From a Christian perspective, we believe we are broken people in need of a savior. I realized from this missionary couple that spoke at my church that they are broken people as well. They are really in Costa Rica looking for some element of life that is missing in themselves. However, they chose to respond to trials that come as a “missionary”, or living cross-culturally, with bitterness and negativity. There must be a better way. 

Professor David Hollinger from UC Berkeley brings a new point of view to the purpose of missionaries which can be deducted simply from the title of his book “Protestants Abroad: How Missionaries Tried to Change the World but Changed America”. 

In an email with Professor Hollinger, he explained some of the mistakes evangelical and protestant missionaries made in entering Catholic countries, “Protestant missionaries saw much to lament from Catholic missionaries and little to admire.
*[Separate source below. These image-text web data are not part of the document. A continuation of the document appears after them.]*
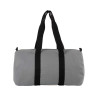 COTTON CANVAS HOLD-ALL BAG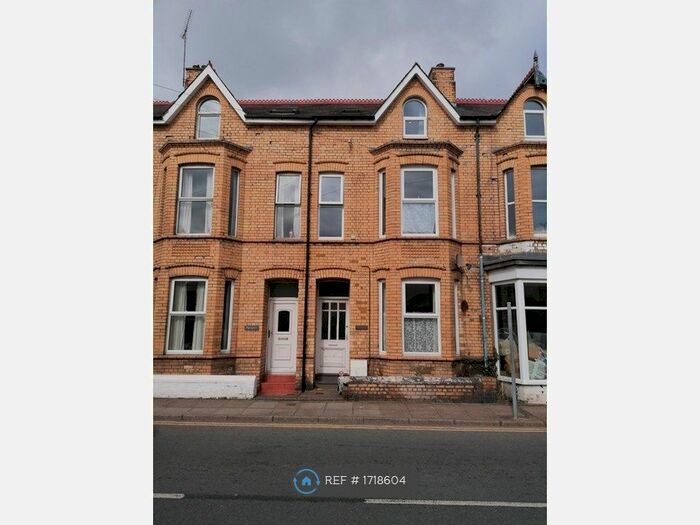 2 Bedroom Maisonette To Rent In Llifon, Pwllheli, LL53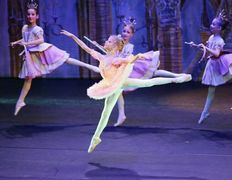 null Балетная школа Вежновец, Балет - фото 7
They paid little attention to them at all.” This is unfortunate because there was so much to be learned from the good of Catholic missionaries, not just the bad. 
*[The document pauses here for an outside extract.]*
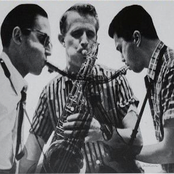 al cohn, bill perkins & richie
Why Are There More Missionaries and Less Converts? 

Statistical estimates suggest that in percentage terms “the Christians accounted for a slightly lower percentage of the world population in 2000 than they did at the beginning of the century,” according to Brian Stanley’s Christianity in the 20th Century. Yet, at the same time, between 1970 and 2000, the number of foreign Christian missionaries worldwide almost doubled according to Gordon-Conwell’s Center for the Study of Global Christianity. 

Based solely on “soul count”, this would infer that missionaries in the 1900s completely failed. However, Professor Hollinger argues that American missionaries saved the American church at home. “Their experience abroad made many of these missionaries and their children critical of racism, imperialism, and religious orthodoxy.”  

Missionaries are not in an exercise to save souls from other countries, they are on an adventure to open themselves to God to save their own souls and the souls of the churches that send them. As broken people, there is something missing inside of us that only God and the people we are serving can replace. Maybe we are like alcoholics whose “very lives, depend upon our constant thought of others and how we may help their needs.” (Alcoholics Anonymous Big Book) 

Whether we consider ourselves missionaries, organizers, or just people who want to serve others that are different from us, we will always have a choice when we face difficulties to become embittered and egotistical, like the missionaries from Costa Rica, or have our life augmented by the people we are supposed to be serving. Because really, we are the ones being served.